Just ask Jerry Butler, a founding member of the Impressions. When the Hot 100 singles list debuted in 1958, the legendary Chicago soul group was breathing rarefied air as its "For Your Precious Love" settled in at No. 15. The single would eventually peak at No. 11 on the chart (and No. 3 on Billboard's Most Played R&B by Jockeys chart).
"It was difficult getting R&B records into major department stores," recalls Butler, nicknamed the Ice Man for his soulful, smooth-as-ice vocals. "Then there were (white) pop singers covering R&B hits, like Georgia Gibbs (LaVern Baker's "Tweedlee Dee," Etta James' "The Wallflower") and getting wider exposure and sales than black acts. That was the way things were in those days."

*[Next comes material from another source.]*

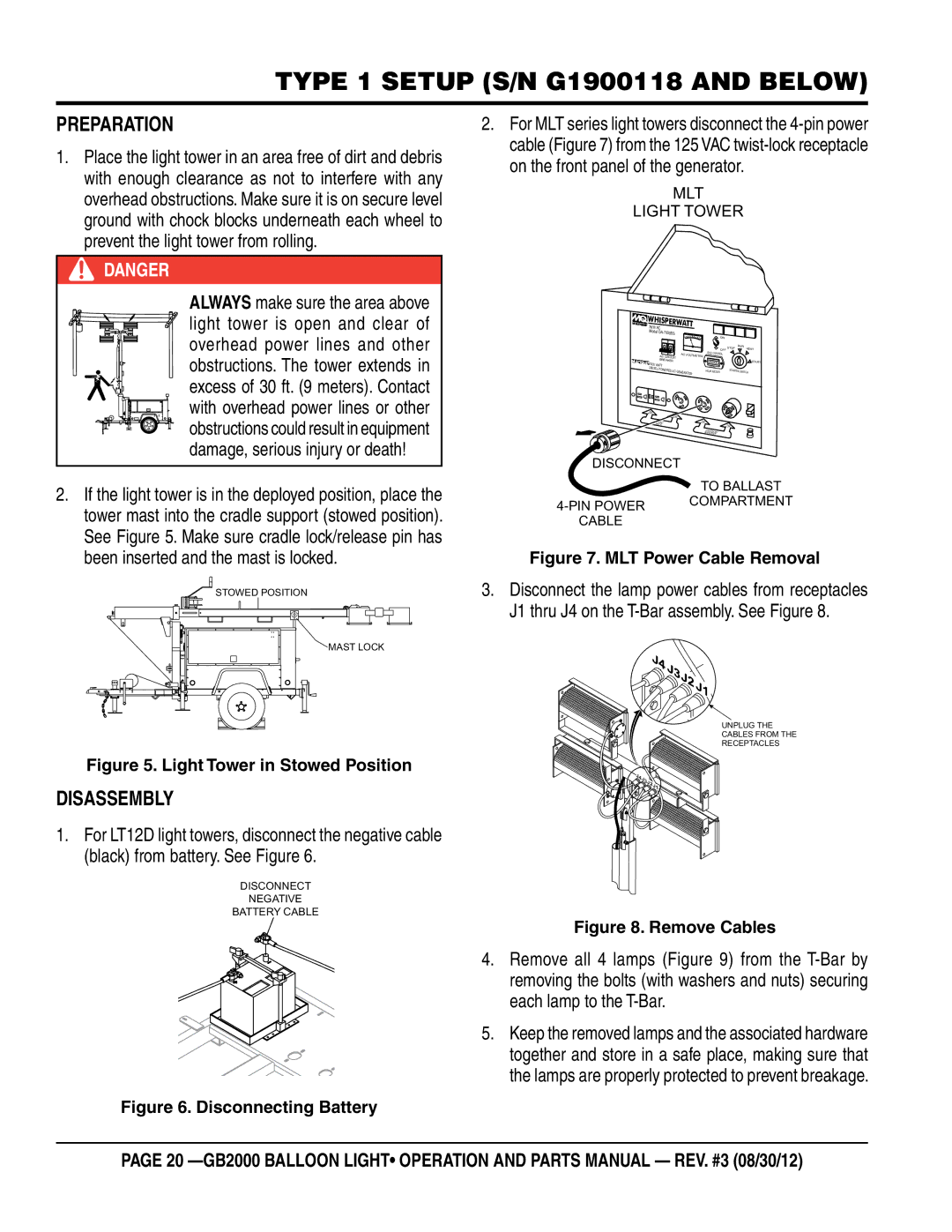 Multiquip GB2000 manual Type 1 setup S/N G1900118 and below, PReparation, Disassembly 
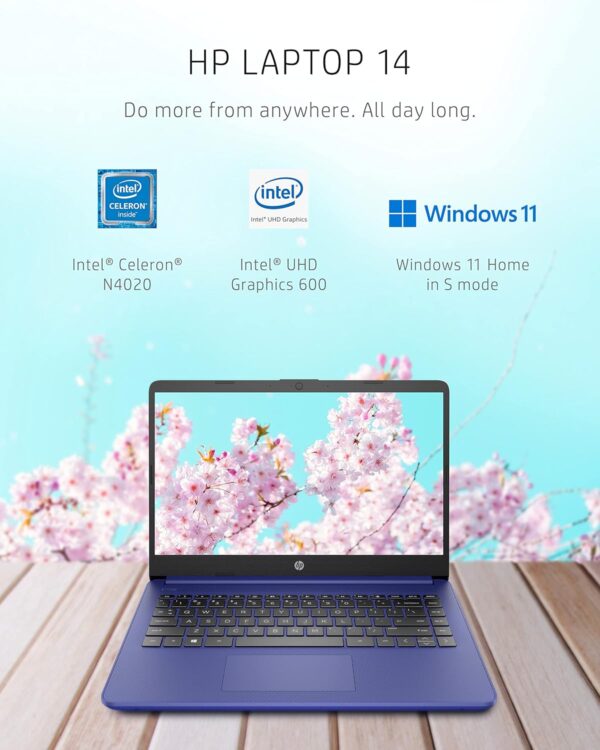 HP 14 Laptop, Intel Celeron N4020, 4 GB RAM, 64 GB Storage, 14-inch HD Touchscreen, Windows 11 Home, Thin & Portable, 4K Graphics, One Year of Microsoft 365 (14-dq0050nr, Indigo Blue) - Image 2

Before legendary producer Jerry Wexler, who died in August, helped coin the term "rhythm & blues" for Billboard in 1949, black singles' chart progress was chronicled in the magazine under the climate-revealing list titles Harlem Hit Parade (debuting in 1942) and Race Records (1945). But thanks to R&B groups like the Impressions and the Platters -- who ruled the top of the Hot 100 in 1959 for three weeks with "Smoke Gets in Your Eyes" -- things slowly began to change.
Peaking at No. 6 on the Hot 100, Ray Charles' "What'd I Say" was a portent of things to come. During his career, Charles claimed 12 top 10s on the chart, including three No. 1s. Then an upstart label by the name of Motown began flexing its R&B/pop muscle. Its precursor, Tamla Records, notched its first hit with the Miracles' No. 2-peaking "Shop Around" in 1960. Four years later, labelmates the Supremes began their march to ultimate girl group glory with the first of 12 No. 1s, "Where Did Our Love Go."
With increased radio airplay and retail accessibility, R&B continued to raise its mainstream profile. Among the acts upping the ante were James Brown, Aretha Franklin, Sly & the Family Stone, the Jackson 5, Isaac Hayes, Lionel Richie and Whitney Houston.
Then Boyz II Men drove home R&B's mainstream potential in a big way. The Philadelphia quartet broke the record at the time for most weeks at No. 1 on October 24, 1992, when "End of the Road" notched its 11th week atop the singles chart. In the years since then, the genre has remained a powerful chart presence.